§ **Given records**

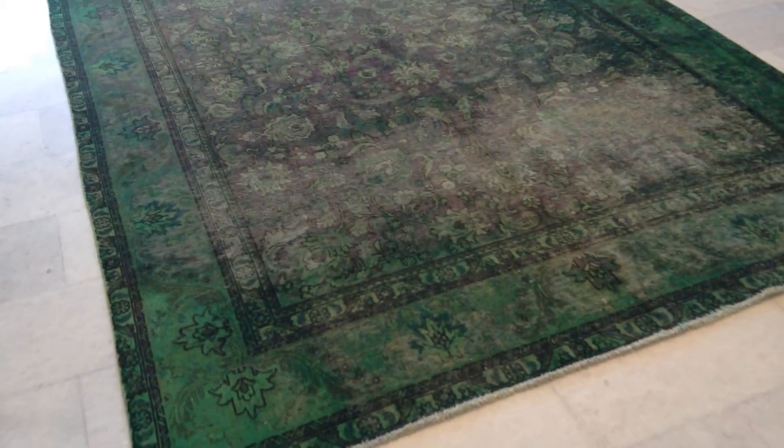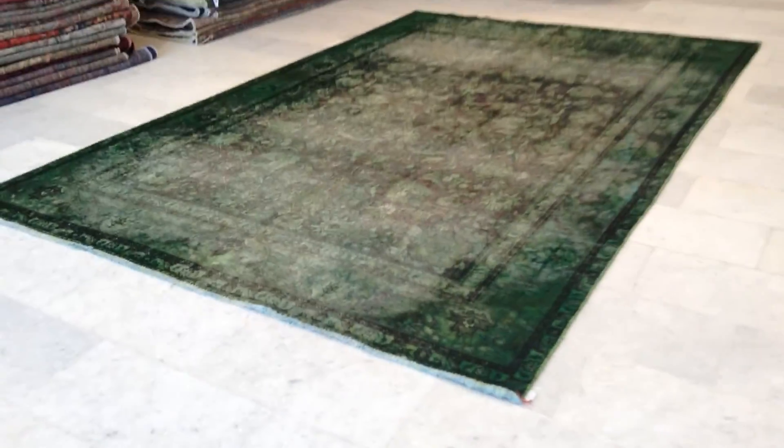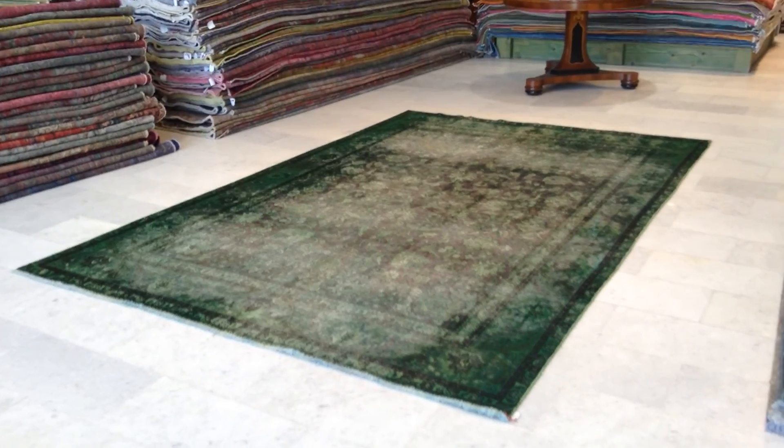The green is shinier from this side than it appears. Please keep in mind the exact colors that I see are from here, but the green of the carpet becomes lighter from the other side as well.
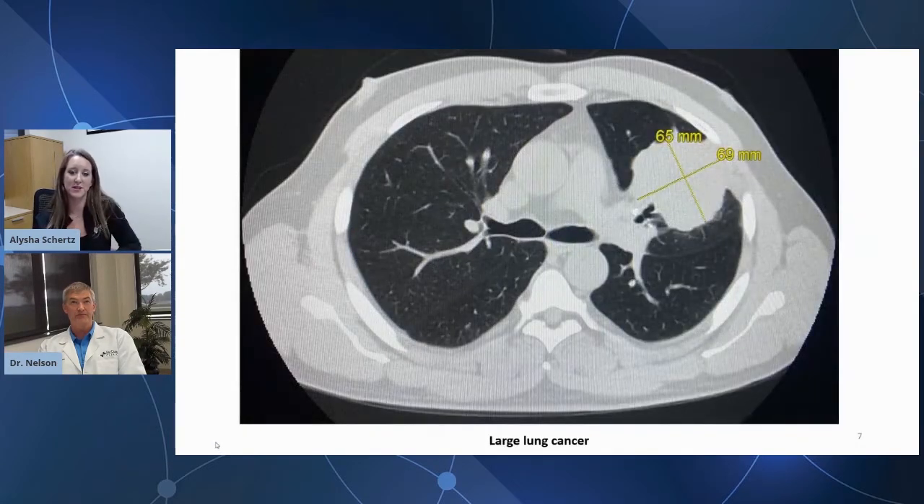The next couple of images showcase what a large lung cancer looks like on screening. Here you can see a 6.9 centimeter by 6.5 centimeter mass within the left upper lung. There's extension to the pleural or to the chest wall. A large mass like this would have a much higher chance of having metastatic disease, a higher stage, and a much poorer prognosis.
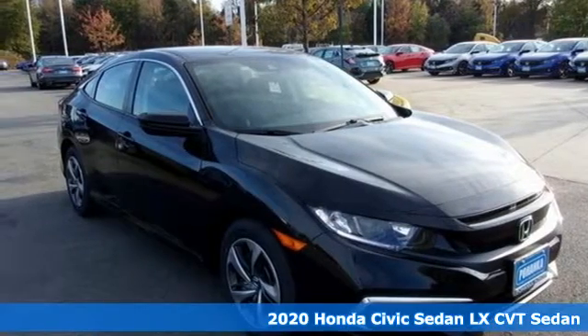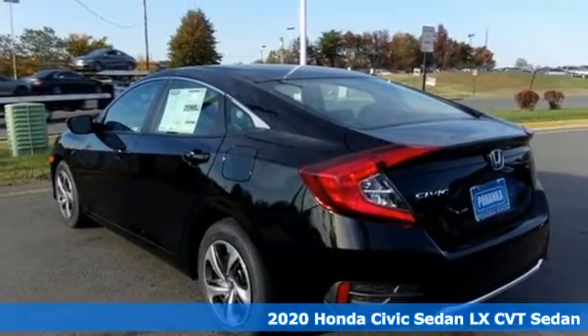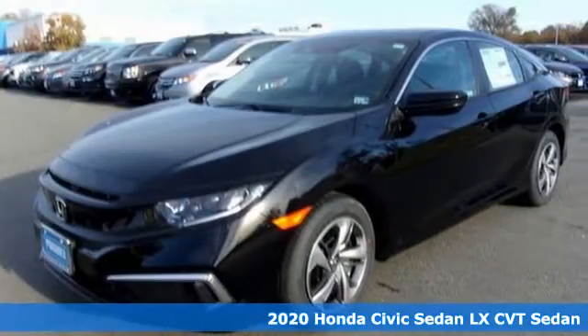It's a new 2020 Honda Civic Sedan. It's efficient and fun. It's practical and fun. The Civic is perfectly suited for your life and fun.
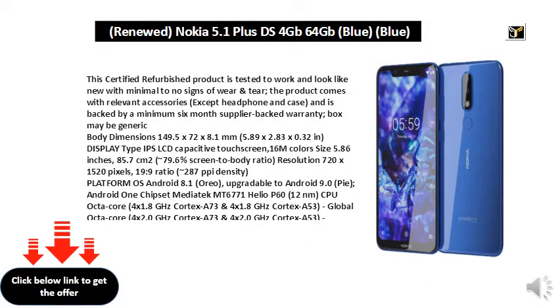This certified refurbished product is tested to work and look like new with minimal to no signs of wear and tear. The product comes with relevant accessories except headphone and case, and is backed by a minimum 6-month supplier-backed warranty.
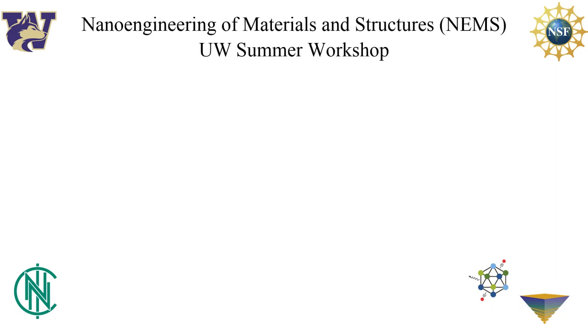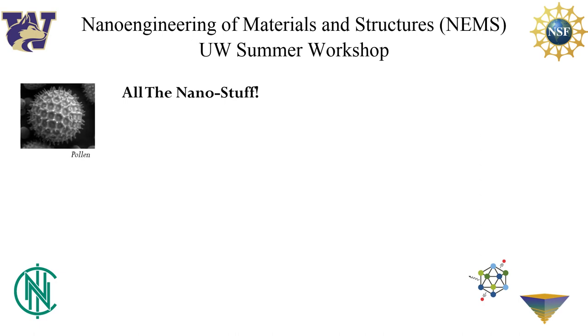This program is aimed at giving local community college students experience in all of the nano stuff. This includes characterization techniques like scanning electron microscopy and atomic force microscopy, and these are images of a single grain of pollen and a neuron, respectively.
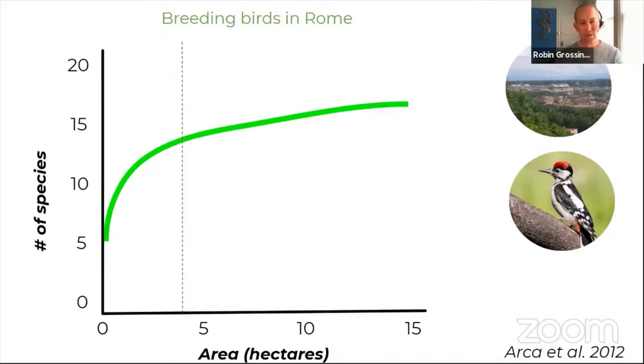You can look at your neighborhood and think about the ecological landscape network you are part of. In South Berkeley, the big drivers are UC Berkeley campus at 130+ acres with Strawberry Creek, oaks, and native landscaping, and Claremont Canyon. What happens in these places creates the general context for biodiversity in the neighborhood. Being involved in stewardship there, as was discussed, makes a big difference.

§ **Exercise description**
The lines from the start of the records above through the line that holds "This program is" are to be copied exactly, both ends included, and no pictures are to be copied.

§ **Response area**
The green is shinier from this side than it appears. Please keep in mind the exact colors that I see are from here, but the green of the carpet becomes lighter from the other side as well.
The next couple of images showcase what a large lung cancer looks like on screening. Here you can see a 6.9 centimeter by 6.5 centimeter mass within the left upper lung. There's extension to the pleural or to the chest wall. A large mass like this would have a much higher chance of having metastatic disease, a higher stage, and a much poorer prognosis.
It's a new 2020 Honda Civic Sedan. It's efficient and fun. It's practical and fun. The Civic is perfectly suited for your life and fun.
This certified refurbished product is tested to work and look like new with minimal to no signs of wear and tear. The product comes with relevant accessories except headphone and case, and is backed by a minimum 6-month supplier-backed warranty.
This program is aimed at giving local community college students experience in all of the nano stuff. This includes characterization techniques like scanning electron microscopy and atomic force microscopy, and these are images of a single grain of pollen and a neuron, respectively.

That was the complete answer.